» Required work
Exclude the pictures and reproduce the remaining data exactly as written.
##### Record extracts #####
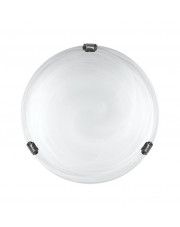 Okrągły plafon szklany E137-Duno - biały+srebrny
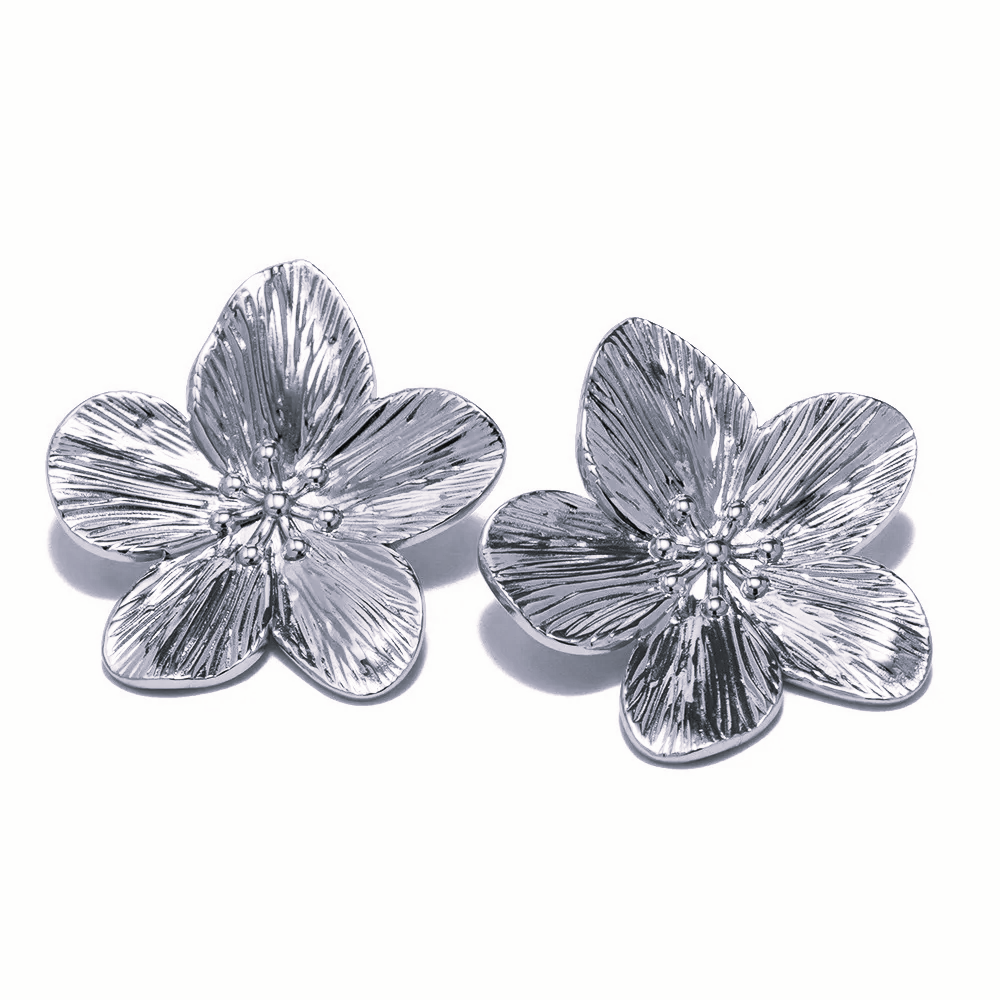 Bloem clip oorbellen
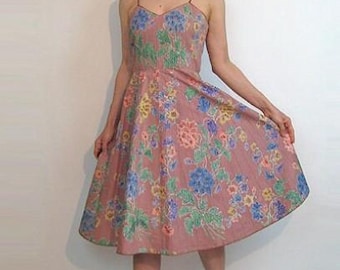 70s Batik Cotton Pin Pleated Sundress / Vintage 1970s Indonesia Puce Pink Cotton Rainbow Floral Sun Dress / Marsala Floral Cotton Dress-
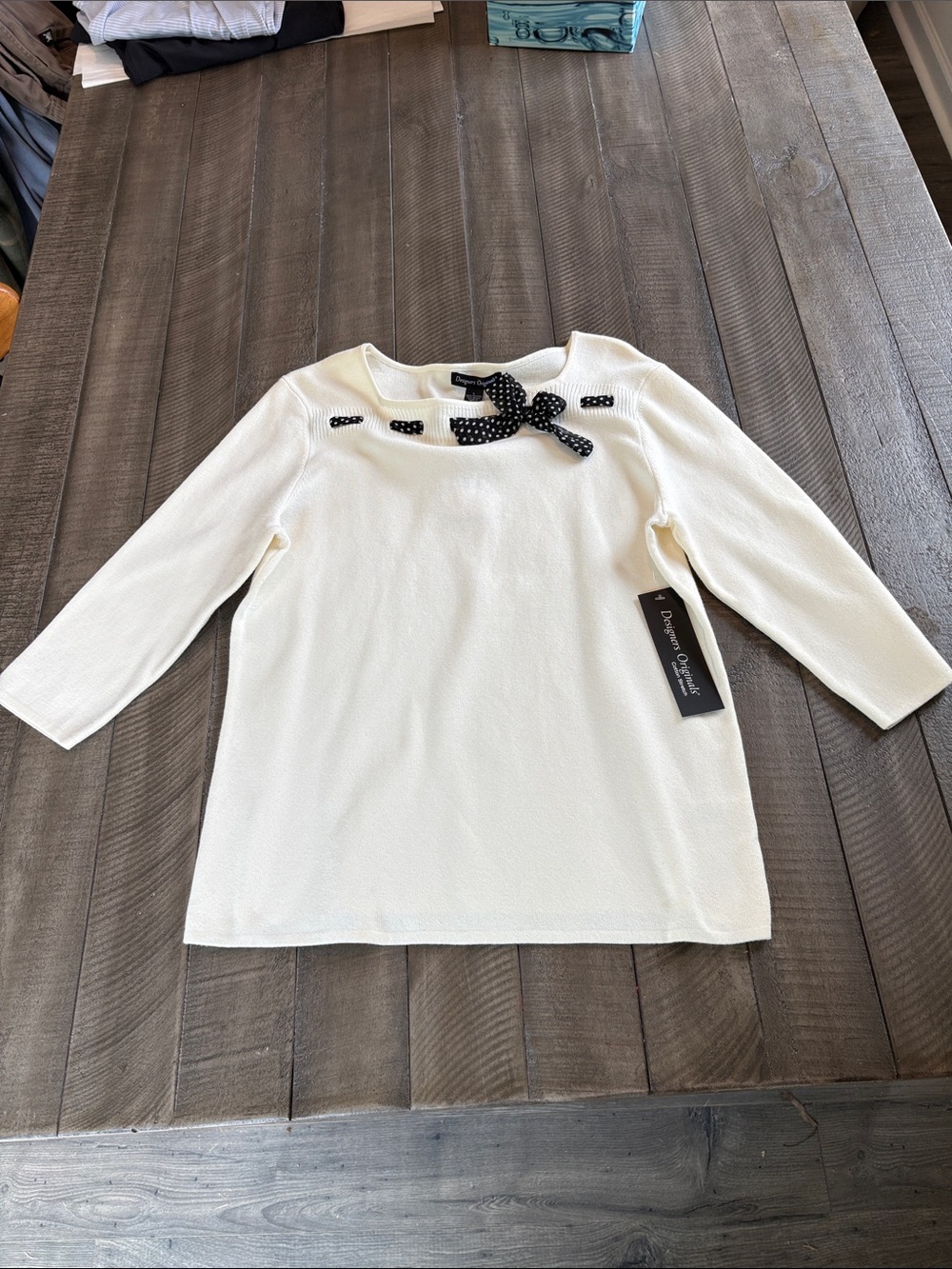 Designers Originals White Long-Sleeve Top with Black Polka Dot Bow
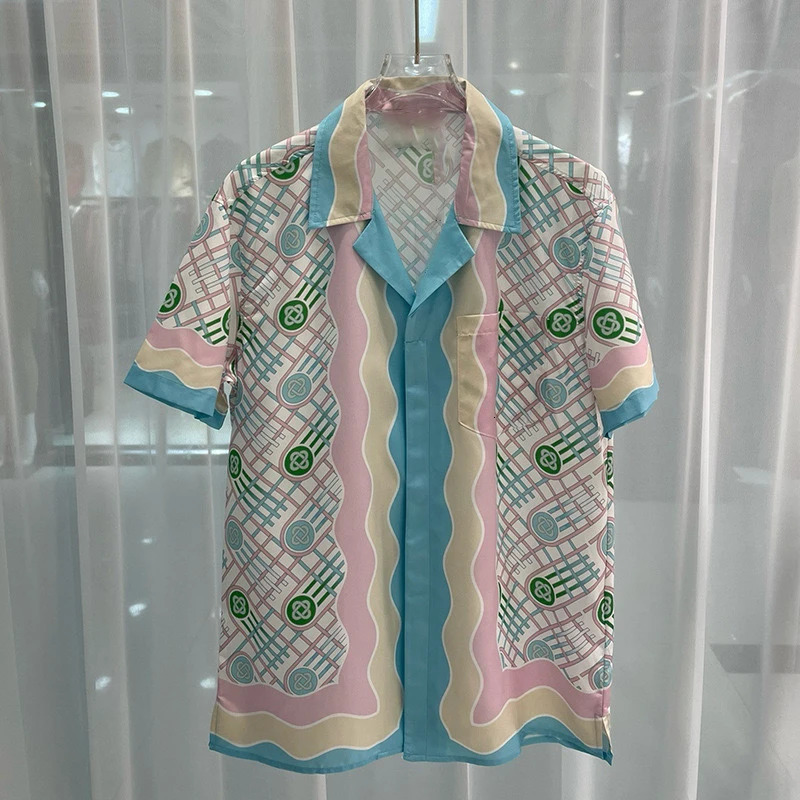 Mens Hawaiian Shirt Lapel Button Fashion Printing Short Sleeve Flower Casual Oversized Social Street Style Top 240708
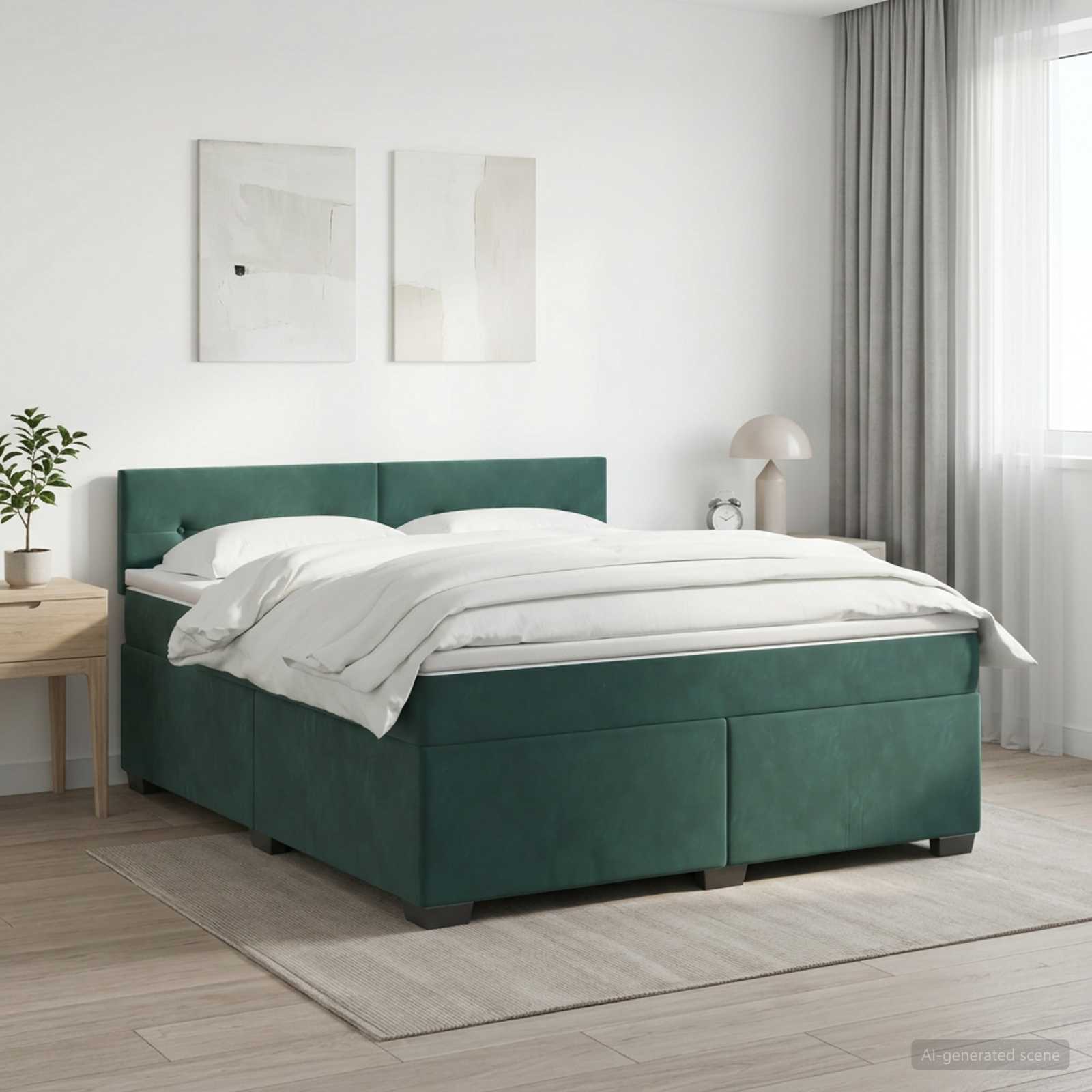 Lit boxspring avec matelas Vert foncé 140 x 200 cm Velours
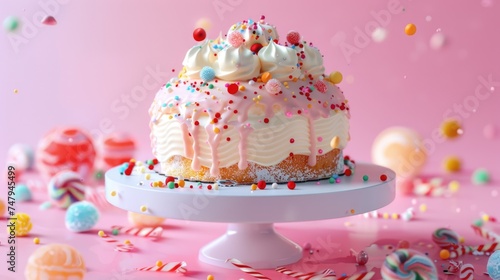 A cake with white frosting and sprinkles on a cake stand. Perfect for bakery or celebration concepts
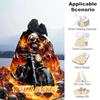 1PC Custom Name Biker Spirit: Fire Wings flannel blanket versatile,all-season throw suitable for the living room,bedroom,camping,travel,and gift
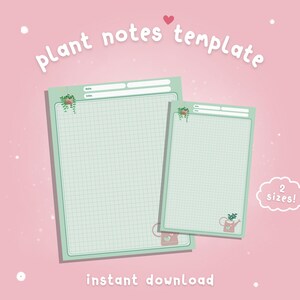Página de notas da planta para impressão | papel de nota verde da grade | Artigos de papelaria para escrita de plantas | Carta dos EUA PDF Download digital | Modelo de anotações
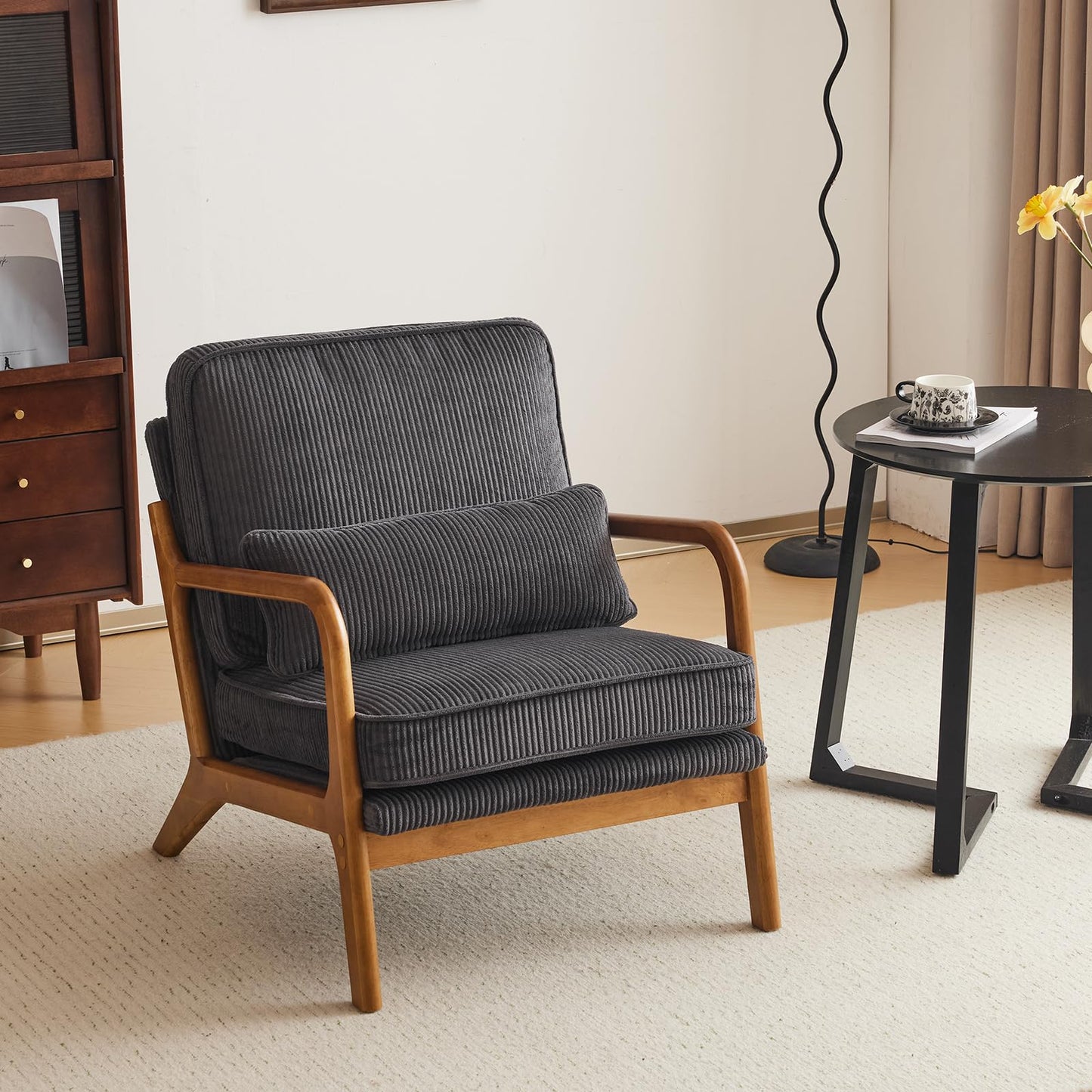 Karl home Accent Chair Mid-Century Modern Chair with Pillow Linen Fabric Upholstered Lounge Arm Chair with Solid Wood Frame & Soft Cushion for Living Room, Bedroom, Balcony, Beige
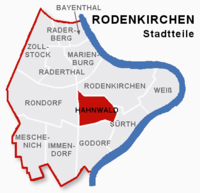 Lage des Stadtteils Hahnwald im Stadtbezirk 2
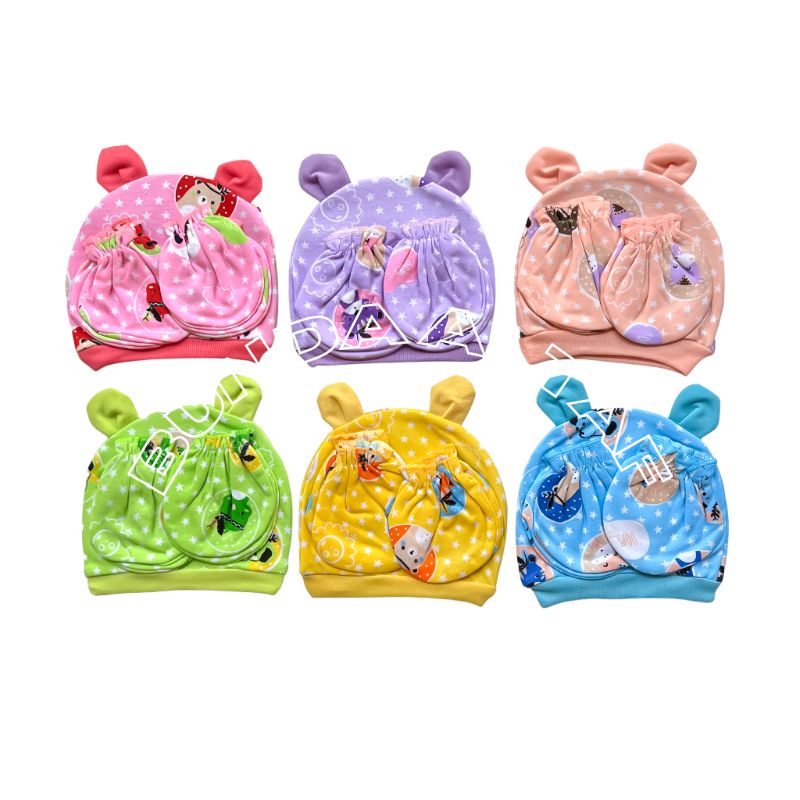 Topi Bayi 1 set ( Topi + Sarung tangan + Sarung Kaki ) Topi bayi 3 in 1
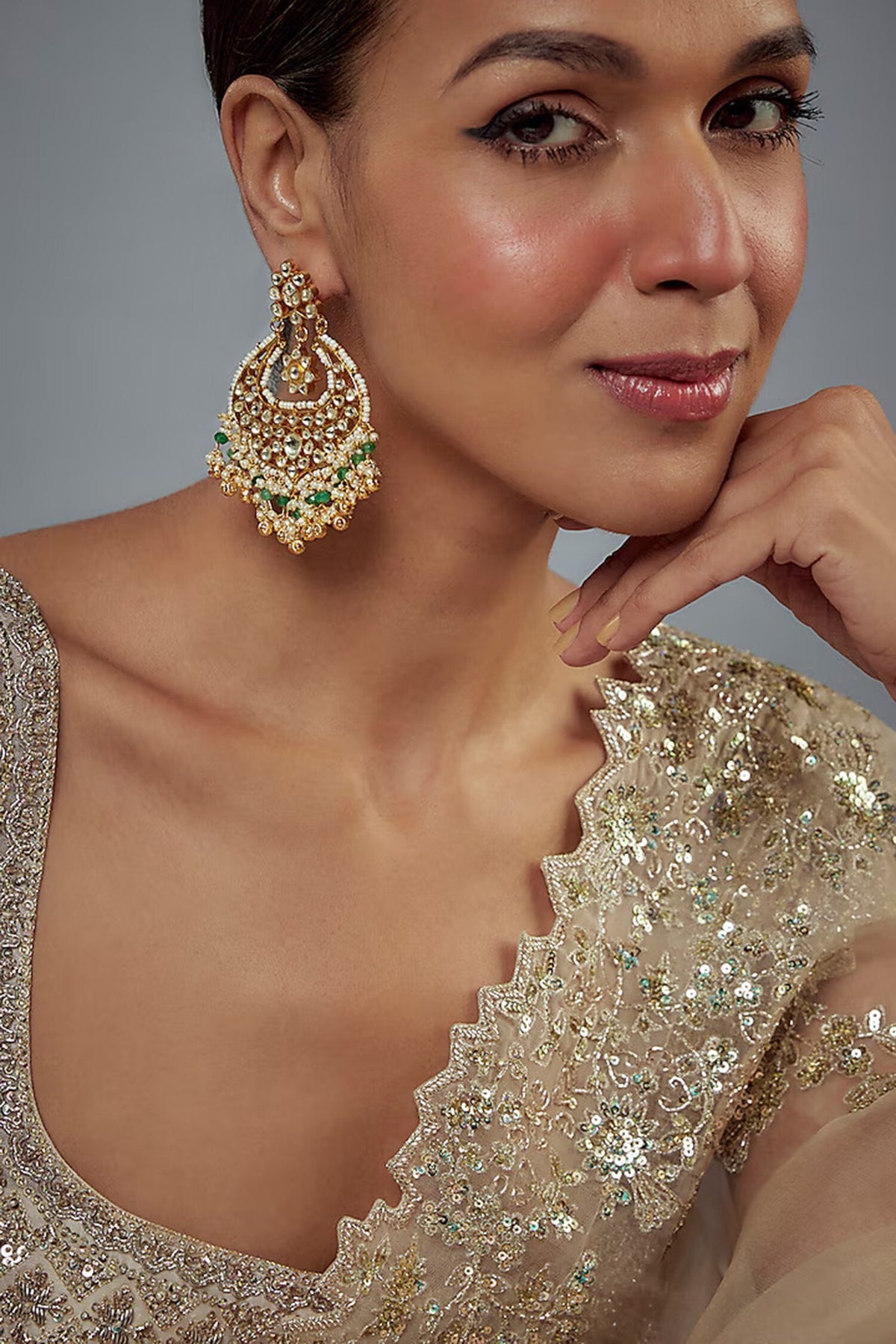 Kundan Stone Embellished Dangler Earrings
#####
» Your response
 Okrągły plafon szklany E137-Duno - biały+srebrny
 Bloem clip oorbellen
 70s Batik Cotton Pin Pleated Sundress / Vintage 1970s Indonesia Puce Pink Cotton Rainbow Floral Sun Dress / Marsala Floral Cotton Dress-
 Designers Originals White Long-Sleeve Top with Black Polka Dot Bow
 Mens Hawaiian Shirt Lapel Button Fashion Printing Short Sleeve Flower Casual Oversized Social Street Style Top 240708
 Lit boxspring avec matelas Vert foncé 140 x 200 cm Velours
 A cake with white frosting and sprinkles on a cake stand. Perfect for bakery or celebration concepts
 1PC Custom Name Biker Spirit: Fire Wings flannel blanket versatile,all-season throw suitable for the living room,bedroom,camping,travel,and gift
Página de notas da planta para impressão | papel de nota verde da grade | Artigos de papelaria para escrita de plantas | Carta dos EUA PDF Download digital | Modelo de anotações
 Karl home Accent Chair Mid-Century Modern Chair with Pillow Linen Fabric Upholstered Lounge Arm Chair with Solid Wood Frame & Soft Cushion for Living Room, Bedroom, Balcony, Beige
 Lage des Stadtteils Hahnwald im Stadtbezirk 2
 Topi Bayi 1 set ( Topi + Sarung tangan + Sarung Kaki ) Topi bayi 3 in 1
 Kundan Stone Embellished Dangler Earrings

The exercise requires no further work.